When our founding fathers wrote the Constitution of the United States (created September 17th, 1787 and ratified June 21st, 1788–including the Bill of Rights, the first 10 amendments), abortion had been around for millennia. The debate around it being legal or not legal was and had been a philosophical and religious one. The first law criminalizing abortion was in the Malicious Shooting or Stabbing Act of 1893 (over 100 years after the Constitution was ratified), proposed by the Lord Chief Justice of England and Wales.
Thomas Jefferson wrote about the 1st amendment, “I contemplate with sovereign reverence that act of the whole American people which declared that their legislature should ‘make no law respecting an establishment of religion, or free exercise thereof,’ thus building a wall of separation between Church & State.”

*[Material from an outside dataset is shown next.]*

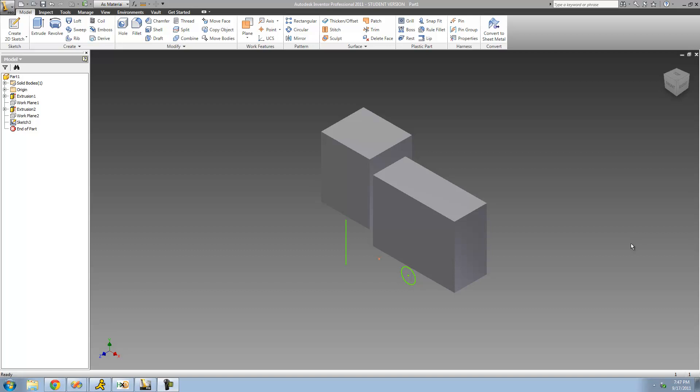Hey guys, welcome to the 21st Autodesk Inventor tutorial, and in this tutorial we're going to finish up looking at the Revolve tool. Before we do that, I just want to say that I did get a new mic — I got the Blue Snowball mic — and as you can tell the audio quality is pretty great.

Even using Justice Scalia’s thinking of what was the intent of the founders, it’s clear that they wanted to leave the abortion issue as a philosophical and religious one, especially given the First Amendment.
The First Amendment “prohibits the making of any law respecting an establishment of religion, impeding the free exercise of religion.”
Therefore, I see no clear path to overturning Roe vs. Wade, and if the Supreme Court does, I predict that cases challenging this will be brought to the Supreme Court regularly. The debate around abortion being legal or not legal is clearly a philosophical and religious one and should be left to one’s personal beliefs.
A law criminalizing abortion is a “law respecting an establishment of religion” (from the First Amendment), thus illegal.